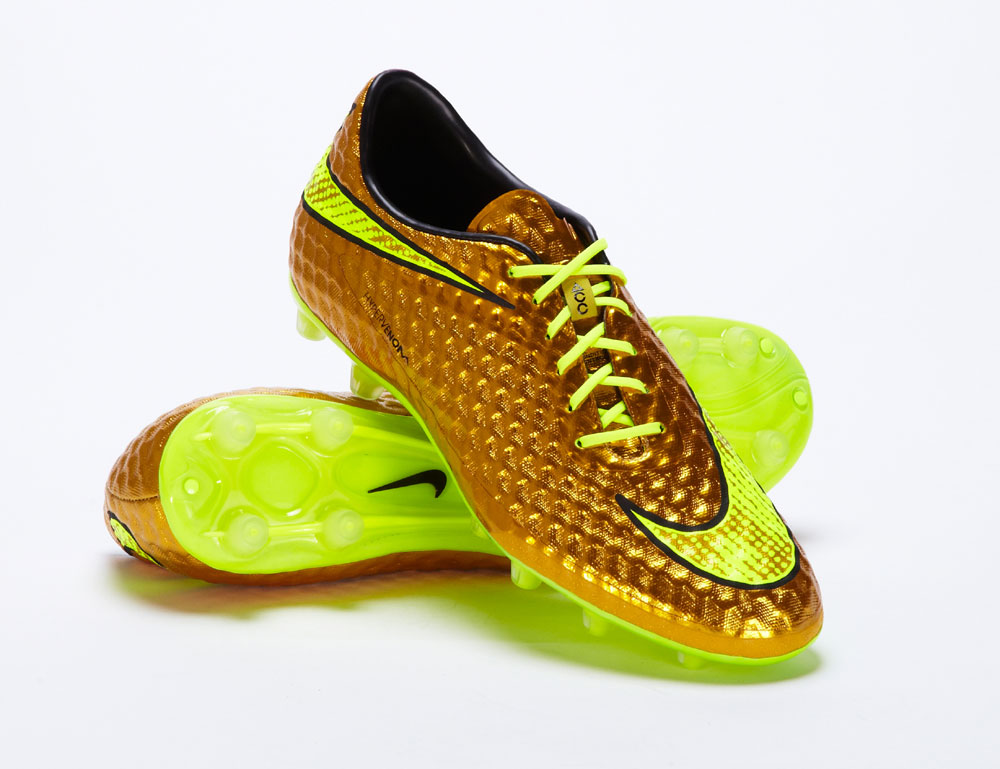 ナイキがネイマール着用のゴールドの『ハイパーヴェノム』を発表 | サッカーキング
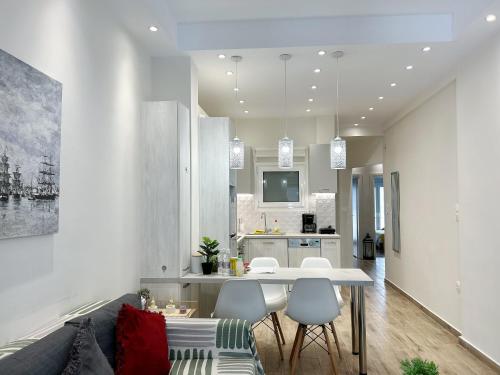 near Acropolis new 2 bedrooms apt in Koukaki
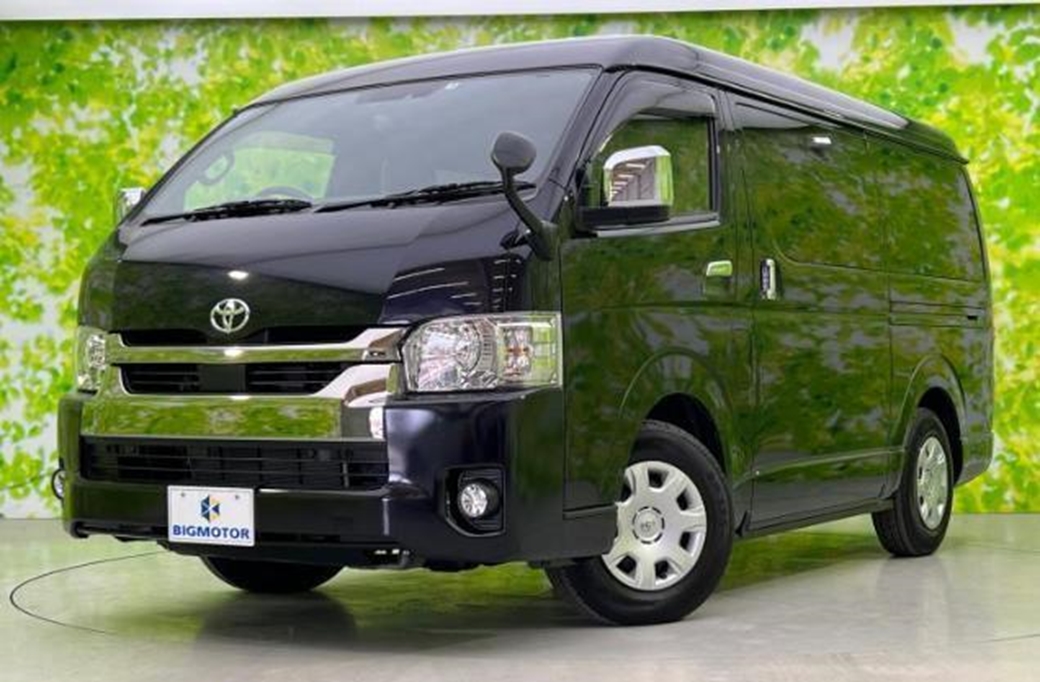 2022 Toyota Hiace 9,000kms | Image 1 of 18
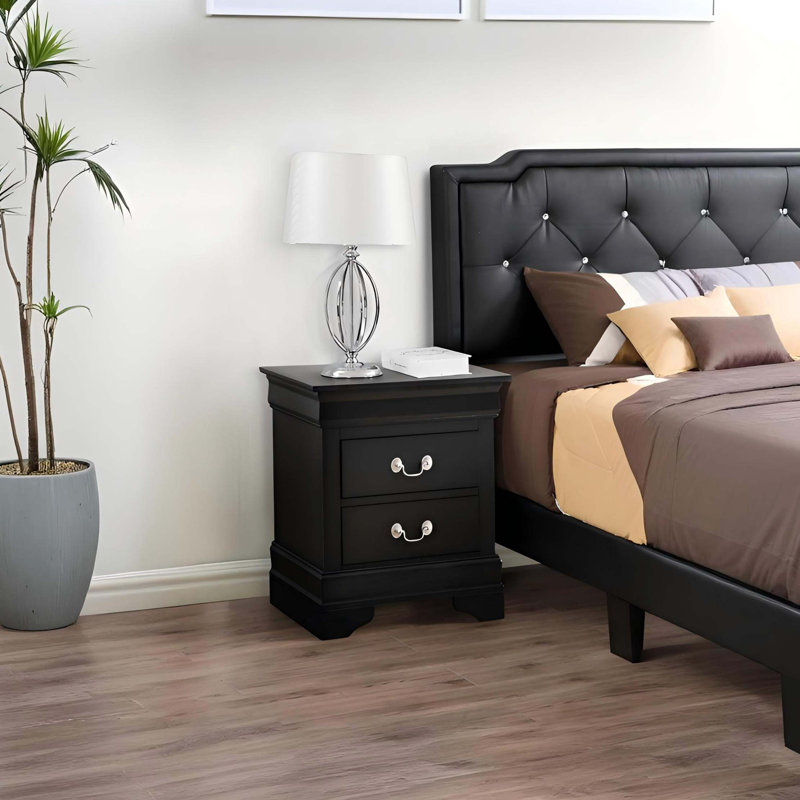 Elegant Traditional Nightstand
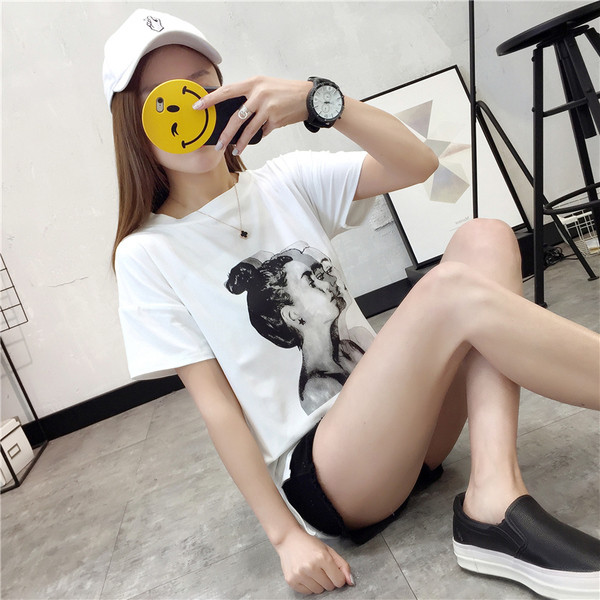 Γυναικεία μπλούζα με άσπρο και μαύρο χρώμα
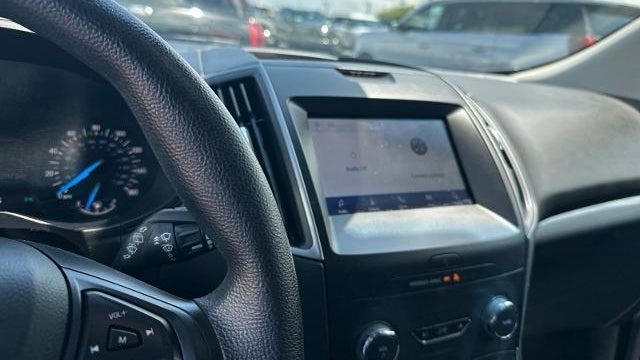 2020 Ford Edge SE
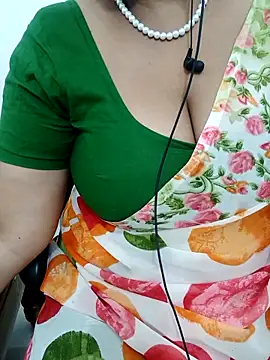 Snapshot of tami_lavanya chatting on February 2, 12:48 pm tami lavanya online show from February 2, 12:48 pm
- - -
Pick up at the line containing "Γυναικεία μπλούζα με άσπρο και μαύρο χρώμα" and copy each line exactly until the data ends, including that last line; copy no pictures.

Answer to the problem →
 Γυναικεία μπλούζα με άσπρο και μαύρο χρώμα
 2020 Ford Edge SE
 Snapshot of tami_lavanya chatting on February 2, 12:48 pm tami lavanya online show from February 2, 12:48 pm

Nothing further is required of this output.